Angka tersebut tentu jauh dari harapan. Vivi Normasari, salah seorang penyintas serangan bom di hotel JW Marriott pada 2003 dan pendiri Yayasan 58, mengatakan bahwa pengajuan akses layanan ke LPSK tergolong sulit. Vivi mengatakan bahwa dari total 46 korban terorisme di Jakarta, baru tiga orang yang bisa dilayani oleh LPSK.
“Kami memohon untuk mendorong LPSK untuk mengimplementasikan undang-undang yang sudah dibuat,” kata Vivi.
Tidak cuma dari pihak penyintas yang mencoba memperjuangkan hak-haknya. Para mantan narapidana terorisme juga masih memiliki segudang permasalahan setelah menjalani masa tahanan dan kembali ke tengah masyarakat.
Zumirin, mantan narapidana terorisme dalam kasus perampokan CIMB Niaga di Medan, mengatakan janji-janji pemerintah sudah kerap ia dengar sejak bebas dari penjara. Namun saat ini implementasinya nyaris tidak ada. Dia tidak pernah menerima bantuan apapun. Zumirin, bekas anggota sayap militer JI yang juga terlibat penyerangan pos polisi Hamparan Perak, Medan, kini menjadi nelayan di Tanjung Balai, sebuah kota terpencil 197 km di sebelah selatan kota Medan demi menyambung hidup.
“Harta benda saya habis saat saya di penjara,” ujar Zumirin dengan nada bergetar. “Motor, pompa air, bahkan parabola saja hilang. Praktis ketika saya bebas, saya tak memiliki harta apapun. Saya harus memulai lagi dari nol.”

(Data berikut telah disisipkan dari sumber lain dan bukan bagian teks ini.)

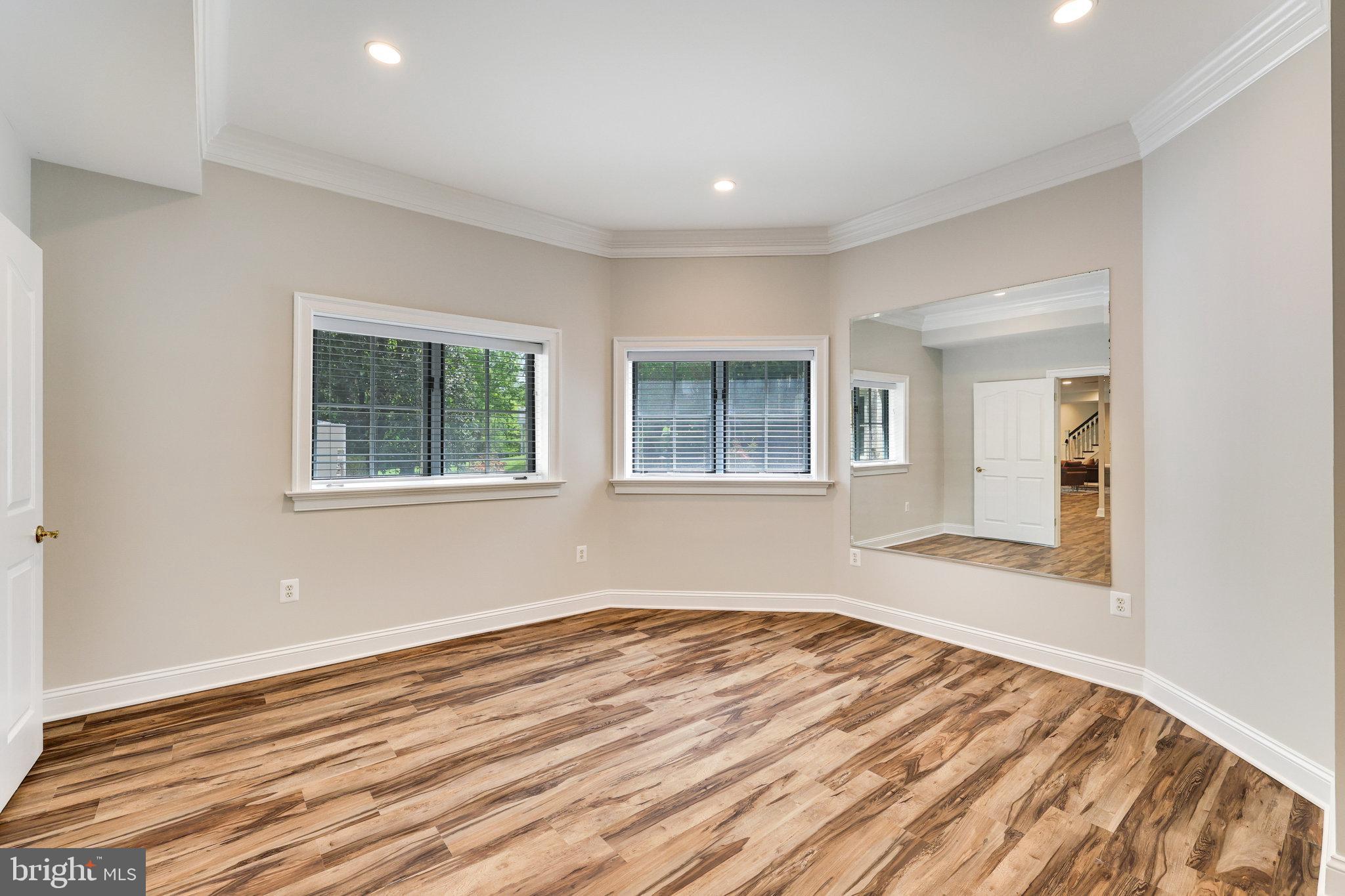 THE RESERVE - Residential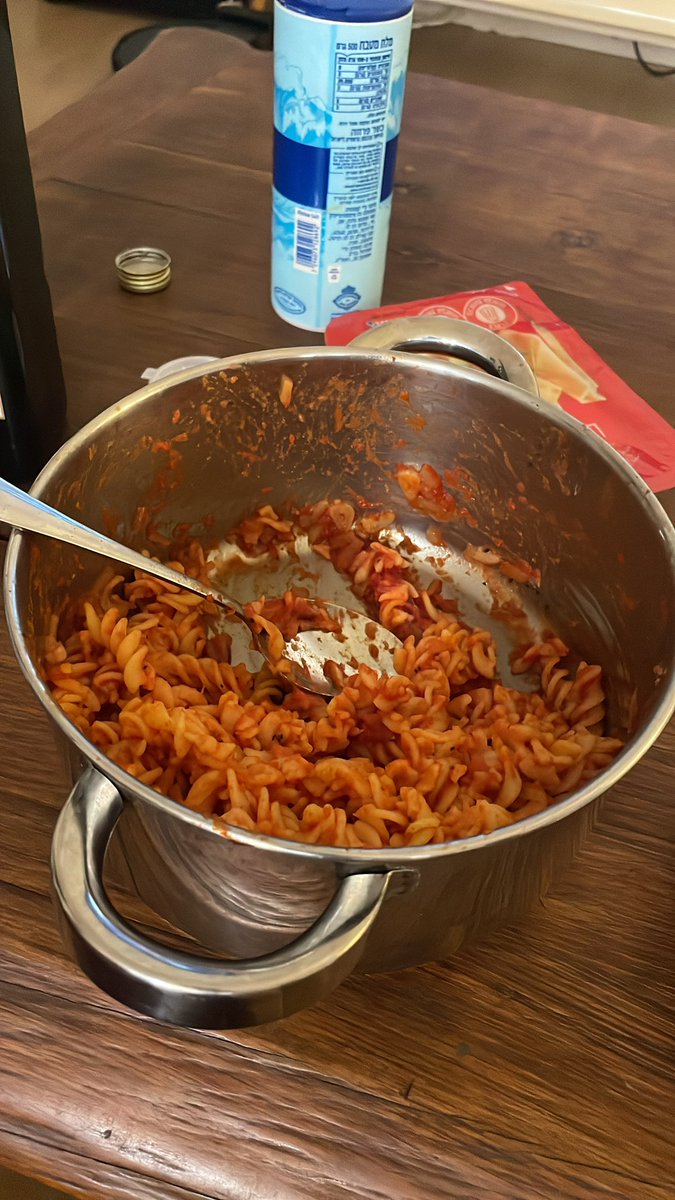 <a href="/GalitDistel/">Galit Distel Atbaryan - גלית דיסטל אטבריאן</a> סיר הפסטה הכשלפ הדוחה שלי שיקבל יותר לייקים ממך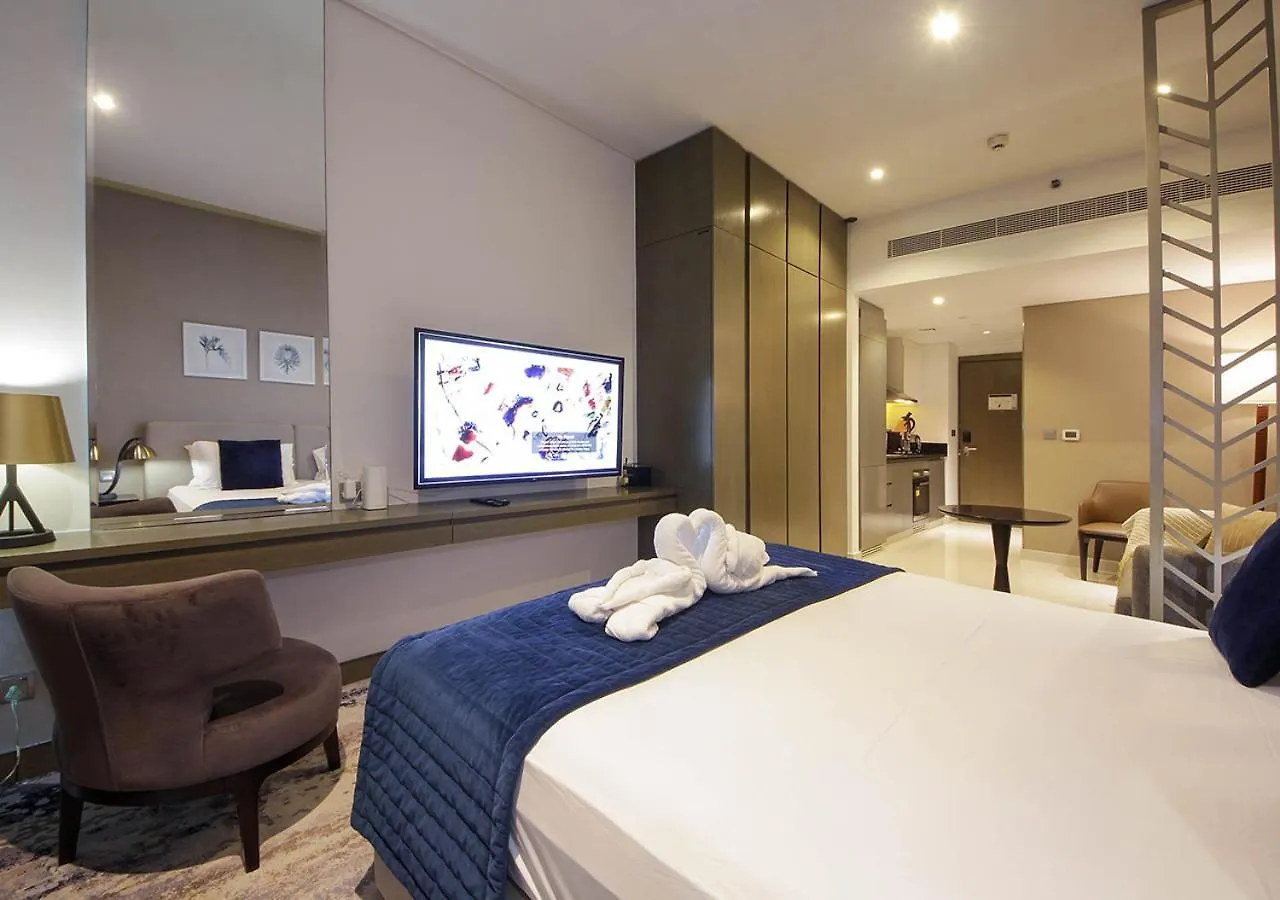 Stylish Studio Apartment In Dubai With Pool & Gym 0*,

Zumirin mengatakan bahwa meski pemerintah pusat memiliki niat baik dalam menangani mantan napi terorisme, tidak begitu halnya dengan pemerintah di daerah. Zumirin menduga bahwa tidak ada koordinasi antara pusat dan daerah, sehingga terjadi diskriminasi.
“Seharusnya pemerintah pusat juga mendidik pemerintah daerah,” kata Zumirin yang memiliki tiga orang anak. “Kami masih mengalami diskriminasi. Pemerintah daerah seolah tak percaya bahwa kami sudah berubah. Sampai sekarang banyak kawan saya yang tidak bisa mengurus KTP lantaran pemerintah daerah masih menganggap kami berbahaya.”
Hal yang sama juga disampaikan oleh Nanang Zuhud, seorang alumni konflik Poso dan Ambon yang terlibat dalam bom Marriott. Pria asal Solo tersebut mengatakan bahwa para militan kebanyakan juga adalah korban. Bedanya, para militan tersebut adalah korban indoktrinasi dan ketimpangan ekonomi.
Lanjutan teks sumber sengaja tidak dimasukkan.